*** Information ***
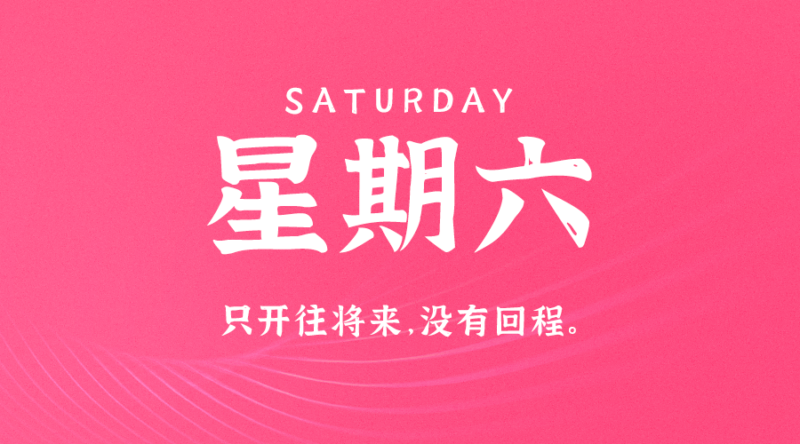 10月7日_星期六_在这里每天60秒读懂世界！-资源网站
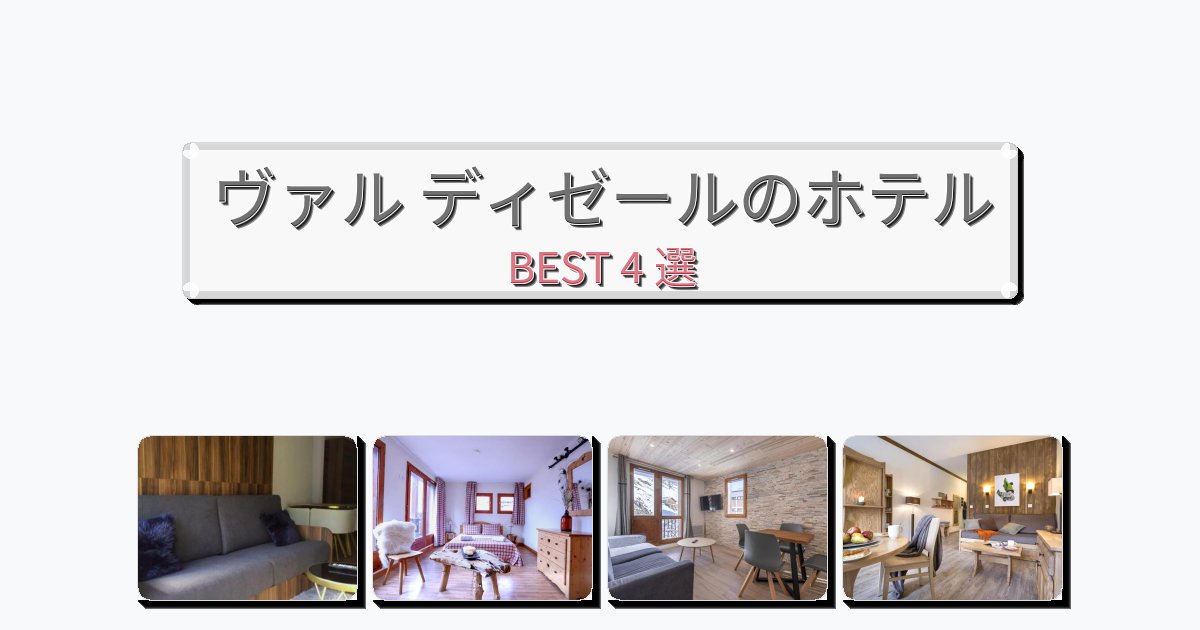 景色が美しいヴァル ディゼールホテルおすすめBEST4選【宿泊者レビュー付き】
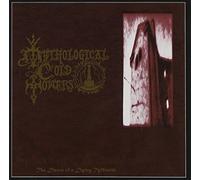 Sphere of Nebaddon by Mythological Cold Towers
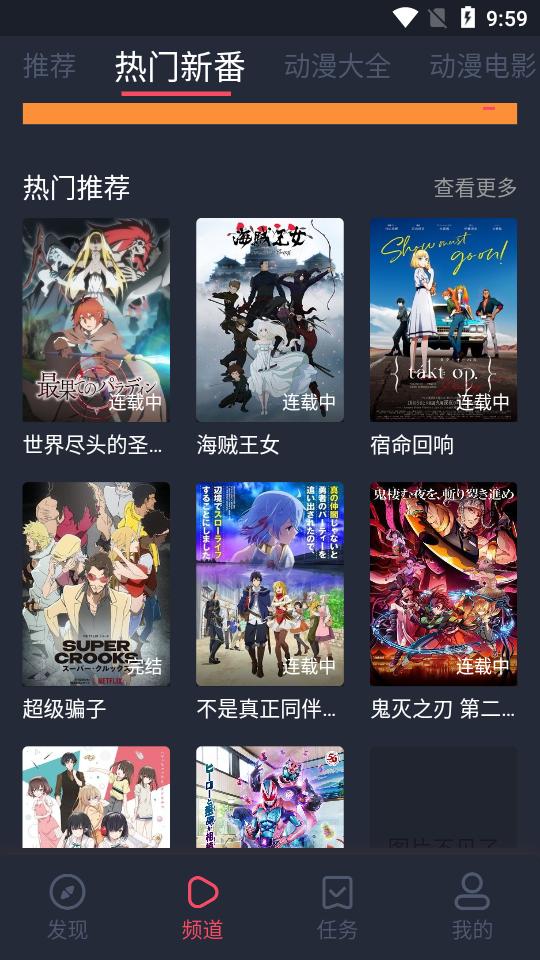 打驴动漫无广告版v1.0.4.2.34 安卓修复纯净版 v5.3.1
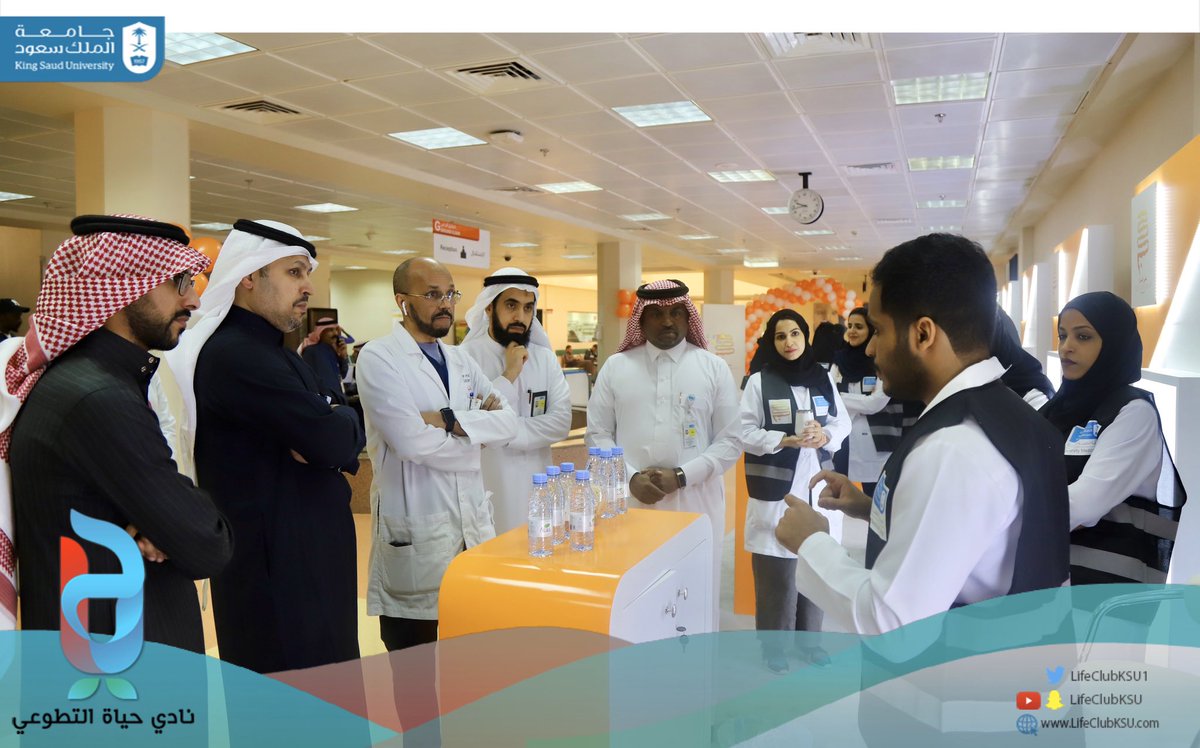 HayatClubKSU's tweet photo. اختُتمت اليوم الثلاثاء الحملة التوعوية عن سلس البراز والتي أُقيمت على مدى ثلاثة أيام في العيادات الخارجية بمستشفى الملك خالد الجامعي✨ https://t.co/NmOUv2uBZz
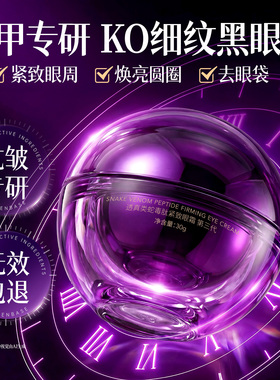 【药监局认证】紧致淡纹眼霜第1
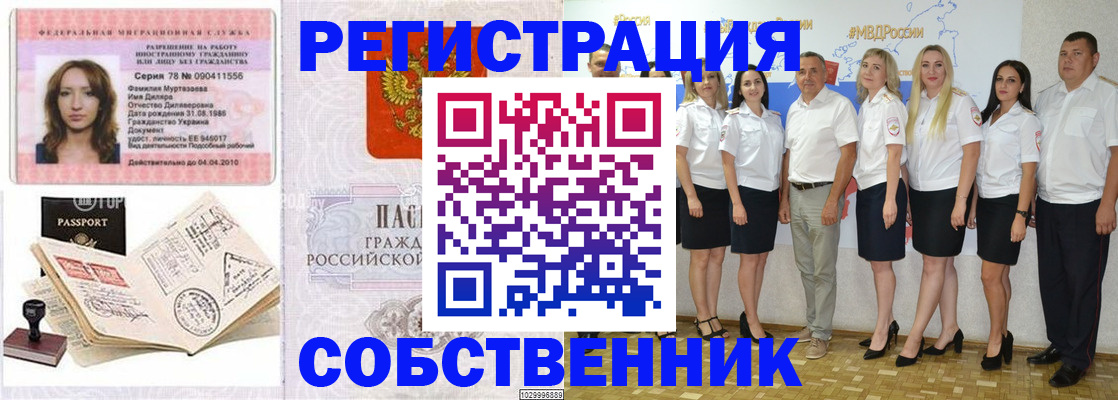 временная регистрация госуслуги в Ворсме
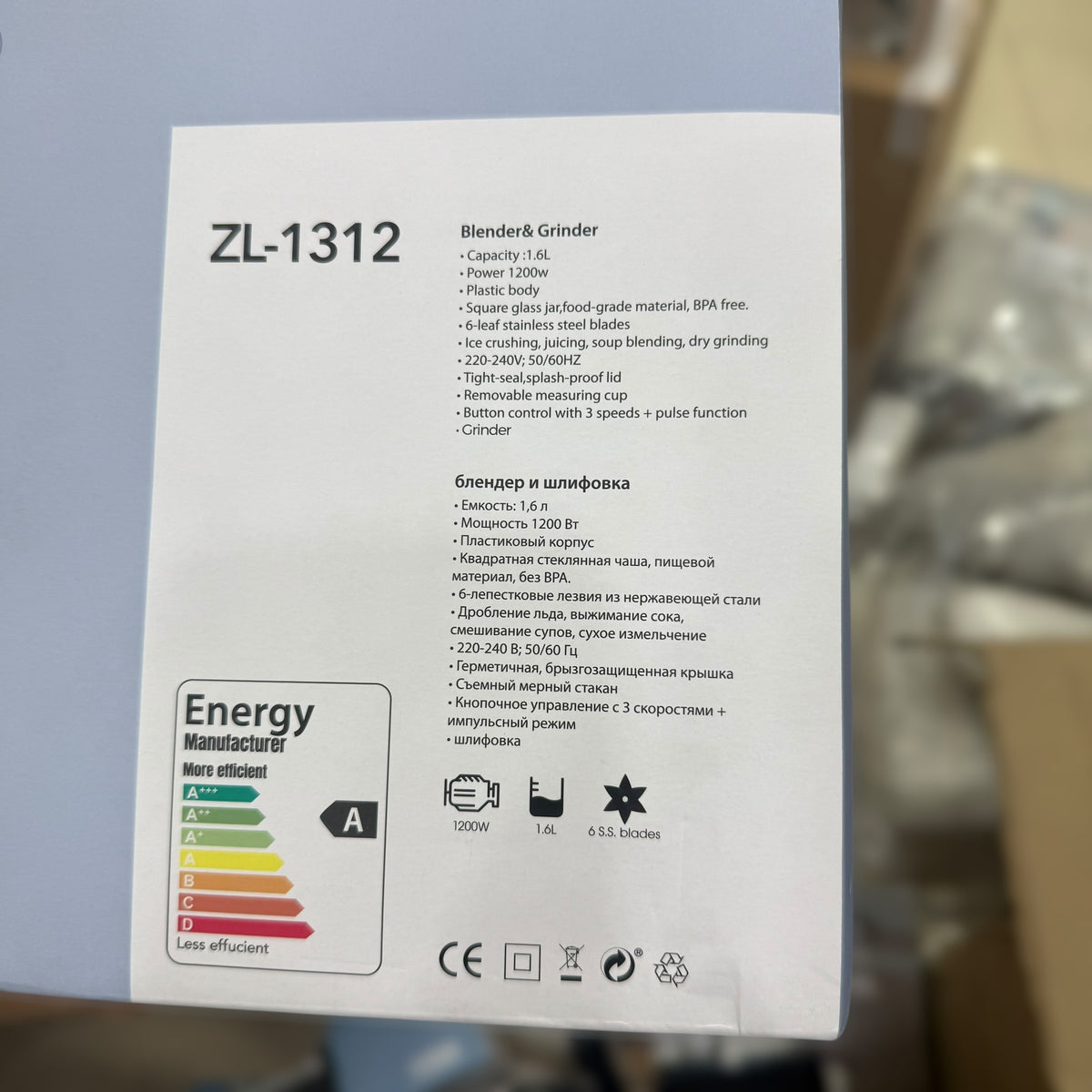 Uakeen Ice Crushing Blender & Grinder ZL-1312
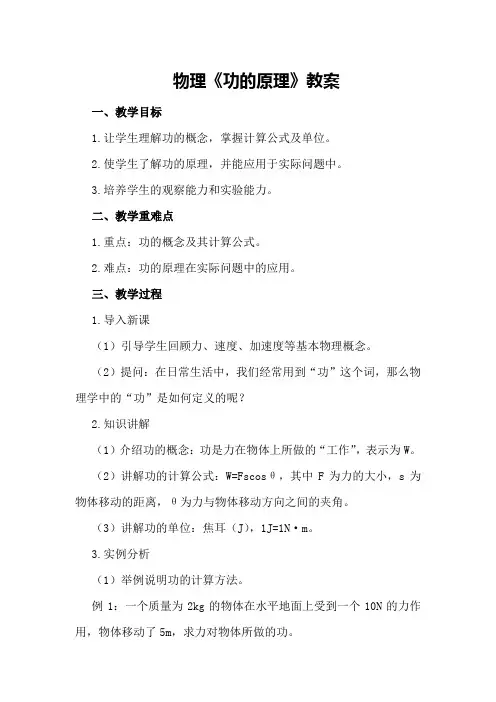 物理《功的原理》教案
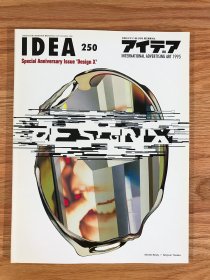 日本IDEA杂志250期 Design X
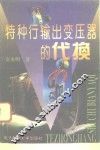 特种行输出变压器的代换 封面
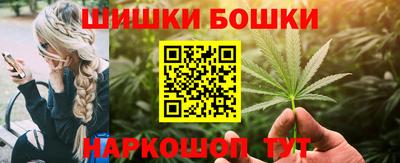 метадон Заволжье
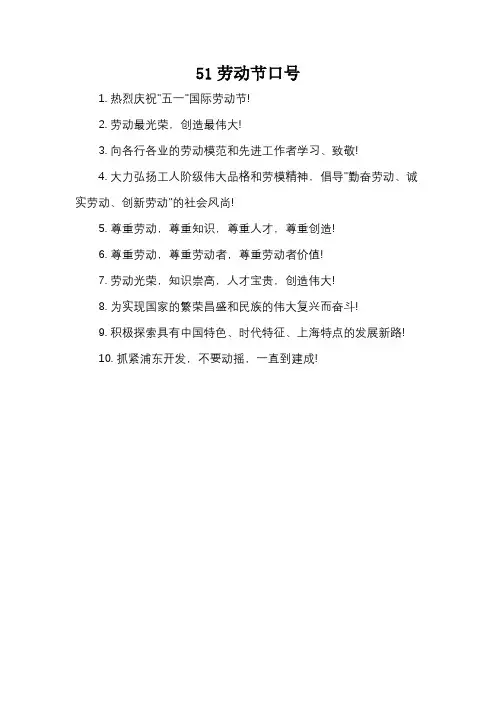 51劳动节口号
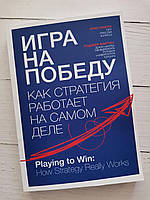 "Игра на победу. Как стратегия работает на самом деле" Алан Лафли, Роджер Мартин
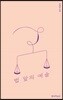 법 앞의 예술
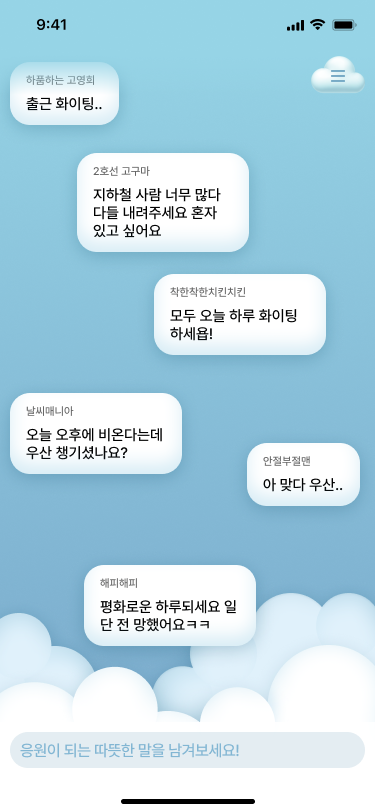 SomTalk 스크린샷 3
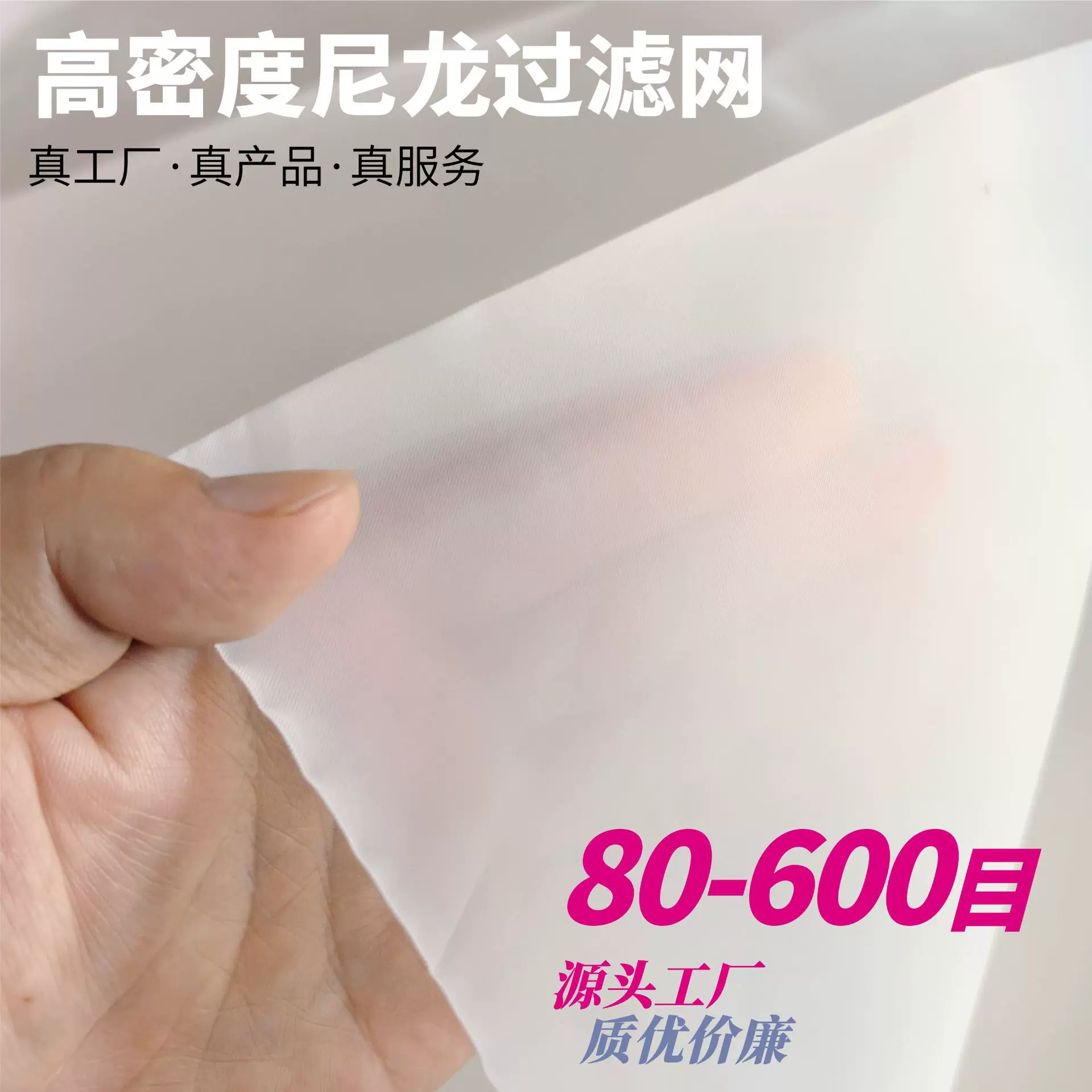 尼龙网锦纶涤纶混纺100目200目300目过滤网食品级滤布筛网批发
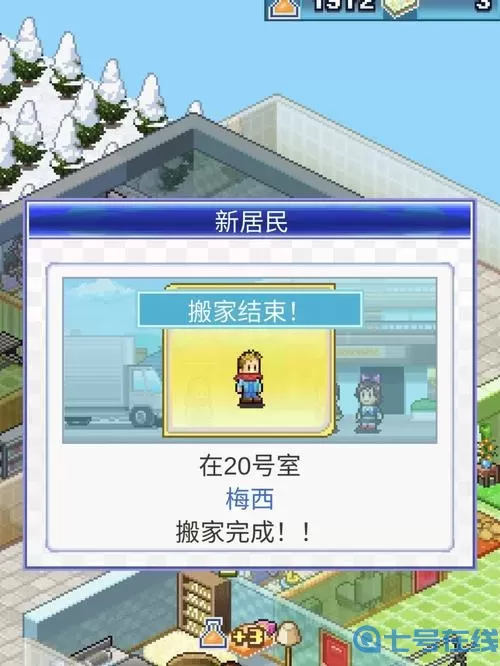 住宅梦物语票券怎么得？住宅梦物语兑换码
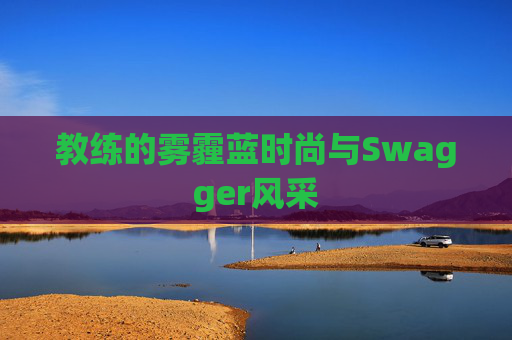 教练的雾霾蓝时尚与Swagger风采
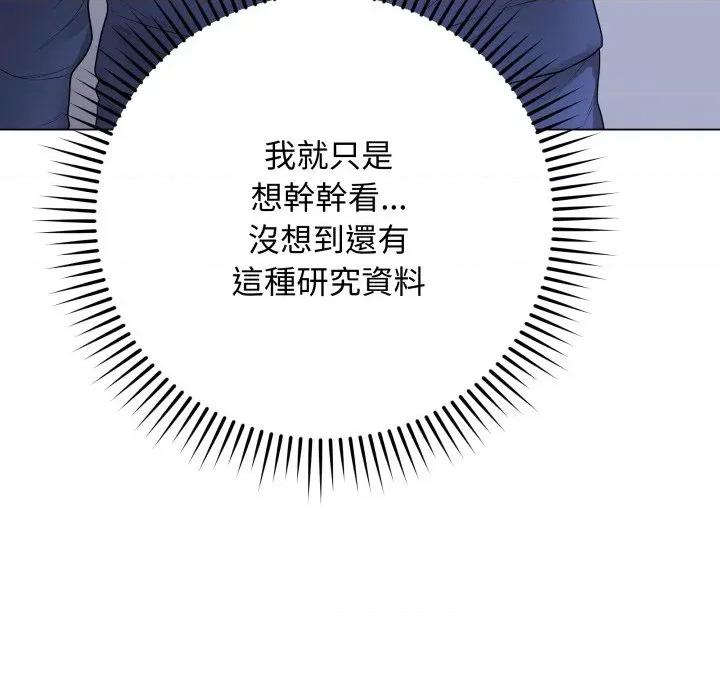 最後的衝刺 衝刺重考班-衝刺重考班 第57話 第181页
***
▶ **Your instructions**
Leave out the pictures, and retype exactly the lines from the one containing "HayatClubKSU's tweet photo." through the last line of the data above, no more and no less.

▶ **Response to the task**
 HayatClubKSU's tweet photo. اختُتمت اليوم الثلاثاء الحملة التوعوية عن سلس البراز والتي أُقيمت على مدى ثلاثة أيام في العيادات الخارجية بمستشفى الملك خالد الجامعي✨ https://t.co/NmOUv2uBZz
 【药监局认证】紧致淡纹眼霜第1
 временная регистрация госуслуги в Ворсме
 Uakeen Ice Crushing Blender & Grinder ZL-1312
 物理《功的原理》教案
 日本IDEA杂志250期 Design X
 特种行输出变压器的代换 封面
 метадон Заволжье
 51劳动节口号
 "Игра на победу. Как стратегия работает на самом деле" Алан Лафли, Роджер Мартин
 법 앞의 예술
 SomTalk 스크린샷 3
 尼龙网锦纶涤纶混纺100目200目300目过滤网食品级滤布筛网批发
 住宅梦物语票券怎么得？住宅梦物语兑换码
 教练的雾霾蓝时尚与Swagger风采
 最後的衝刺 衝刺重考班-衝刺重考班 第57話 第181页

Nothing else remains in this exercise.